Pure token sellers don't sponsor your project, they aren't funded to light money on fire unlike Cursor did, provide a loss leader, maximize annualized revenue to unlock next funding round. The focus shouldn't be "substantial part of their former salary going to an LLM company/provider", it's providing decent value and let people glue together, LLM assisted, things that provide real value.

Like for each incoming ticket, if not in English, translate. For each ticket, scan for FAQ, add a hint for agent.

CSR can then just click ticket, okay, auto accept, next. Or nope not quite, let's discuss this more -> Claude goes "You're absolutely right" and writes a better response -> accept -> done. You can just write a few words and the AI can expand that into prose in whatever writing style you want. Haiku, Shakespear, Star Trek officer, whatever you want.

The stupidity of most project failures is to delete the human from the loop. Then you get worse instead of better service, sometimes even impossible to get a real human on the phone or email. They need to learn to walk before running.
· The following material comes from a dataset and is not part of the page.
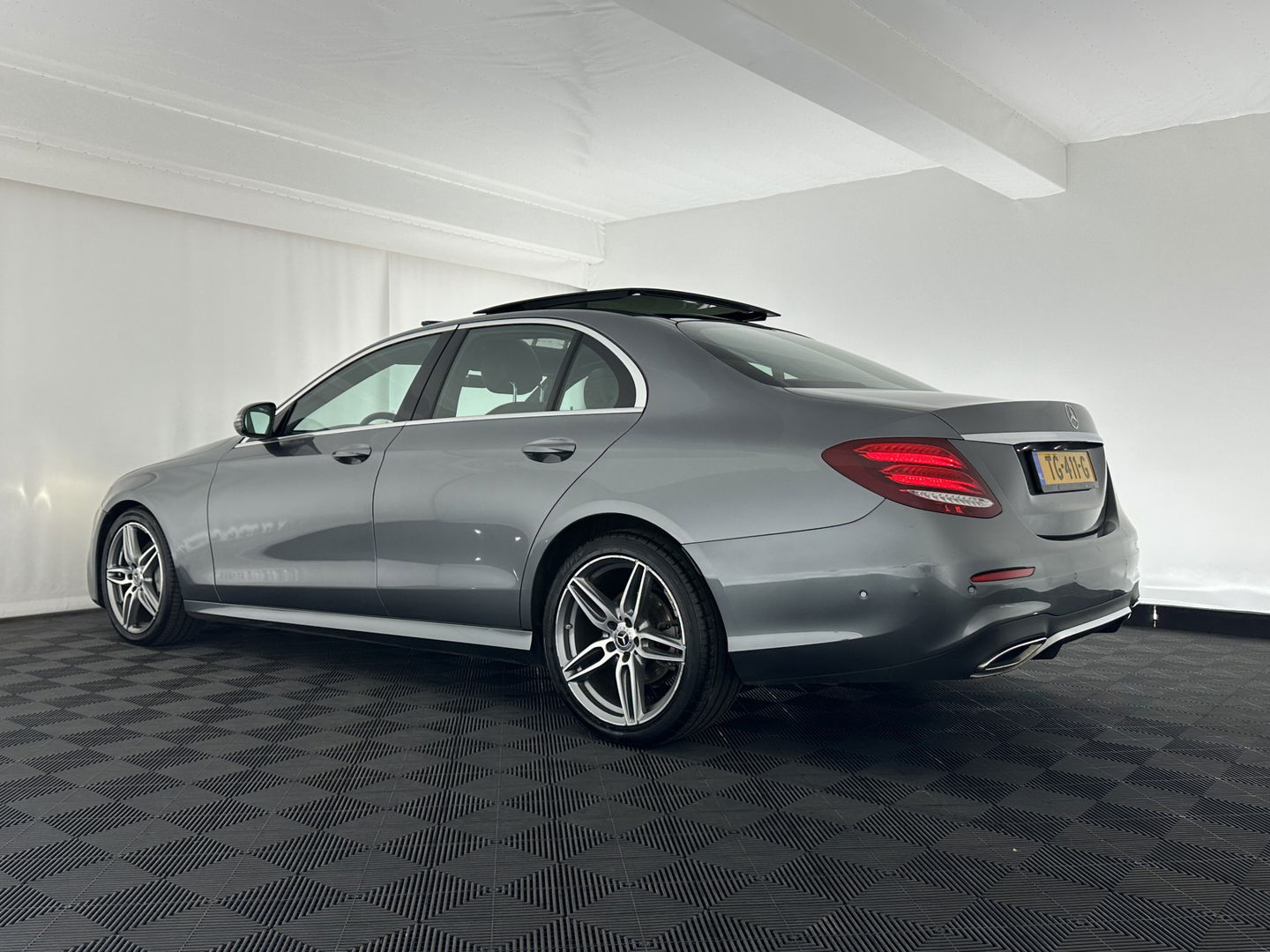 Mercedes-Benz E-Klasse 220 d AMG-Line Aut *PANO | FULL-LED | LEATHER-MICROFIBRE | WIDE-SCREEN | NAVI-FULLMAP | AMBIENCE-LIGHT | ECC | PDC | CRUISE*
So the straightforward uses might be too hard to integrate, but it's worth tons of money to deploy alone, somehow? What's the business case for the integrator to be able to do this well and turn their profit while also having the processing required be profitable for the model operator and/or provider?
Again, it's not too hard to integrate, you just need to do "honest, hard work", look at requirements and improve the workflow by sprinkling some LLMs on top. People have been doing that for ages now, Expert System is a 1950's idea, https://en.wikipedia.org/wiki/Expert_system

At least LLMs are much easier to work with vs older, more stiff and formal approaches. But it is far from going sentient and the context window of ~100-200k usable is far too low to feed in a whole company's knowledge. This means you need to do "honest, hard work", plan and execute well, no magic button to push to replace a customer support department.
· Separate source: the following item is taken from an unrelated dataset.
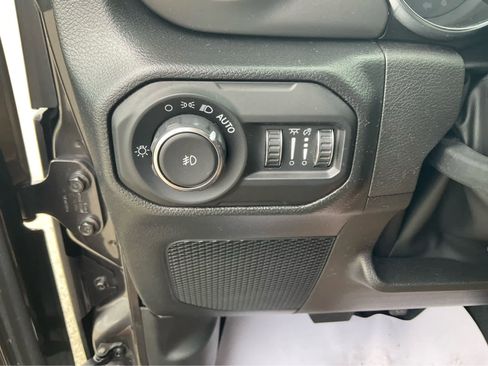 Used 2022 Jeep Wrangler Unlimited Sport AWD/4WD image 14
How does that result in sustainable business for "frontier model" advancement? Is it estimated (because none of these companies really say) that their analysis rates are sustainable? Against opex? Against inference capex? And, of course, against training/refinement/downscaling expenses in general? No one has reason to tell you any of these things backed by GAAP, yet.

Why does it matter? OpenAI as an entity is now an entity to turn VC funds into models and lots of GPUs. Their rapidly multiplying revenue is okay for investors to keep burning money.

Google doesn't do funding rounds, but can easily pay the capex and opex from its own revenue and profit.

When investors get scared and pull out, all there is left is a bunch of models and GPUs. That's just fine, whoever picks up the assets will be able to offer tokens at a much discounted rate, if it was funded by debt before. But as far as I know, all the rounds are for equity and a minority stake, the founders / board can do whatever they want.

If they switch from investment / race mode to launching a sustainable business in the future, we'll see what frontier model tokens cost at opex parity price. But DeepSeek R1 costs $3 at Fireworks, with a decent profit margin and no sustained use / contract discounts, I suspect GPT-5 and Gemini at non ultrathink / high / max mode to cost about the same or less. And at the same time, everyone is pushing for better -mini or -flash models.

Gemini Flash (0.30/MTok) is quite decent now, GPT-5 mini (0.25/MTok) is plenty smart for CSR role, you don't need GPT-5-high for that. GPT-OSS-120b (0.15/MTok) sets a benchmark in price/quality. These should be your workhorse. If you launch a Cursor clone (or see any other ai tool spam/promo post on Reddit), you need a frontier model or it would just write buggy code, but for prose and text, similar words with same meaning are fine. Style differences, who cares, just steer with system prompt. You can easily launch products on top of these 3 and not bleed money, $10/month/user buys a ton of tokens to parse / process emails. A standard incoming ticket, I parsed a few, is ~120 tokens in 550 characters. Not everyone lets Claude read / search / parse a ton of code to fill up 100k context window.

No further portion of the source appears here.